Yes—the system accepts industry-standard rectangular and triangular silicon/silicon nitride cantilevers (e.g., Bruker, Nanoworld, Olympus) with nominal spring constants from 0.01 N/m to 40 N/m.
Can the system perform automated defect review (ADR) across large fields of view?
While not a full-wafer inspection tool, the integrated navigation enables tile-based stitching of up to 100 SEM+AFM fields (each ≤ 80 µm²) with automated feature detection and ROI prioritization using machine-learning-assisted pattern recognition.
Does the software support batch processing of I-V curves across multiple locations?

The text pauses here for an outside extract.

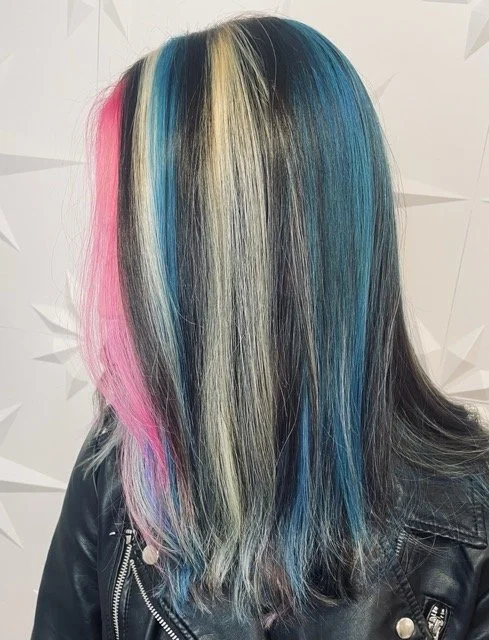 Bold fashion hair color with pink, platinum, and teal panel highlights on dark hair, created at Chroma Salon Seattle by expert vivid hair color specialists.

Yes—customizable scripting allows automated acquisition and statistical fitting (e.g., Schottky barrier height, trap density) across >1,000 spatially resolved I-V spectra per session.
What vacuum level is required for AFM operation?
AFM scanning occurs at the same base pressure as SEM imaging (< 1×10⁻⁴ Pa); no additional pumping or differential pumping stages are needed.
How is calibration traceability maintained for quantitative AFM measurements?
All lateral and vertical calibrations are performed using NIST-traceable grating standards (Pitch: 210 nm, Step Height: 20 nm) and verified per ISO/IEC 17025-accredited procedures documented in the system’s Certificate of Calibration.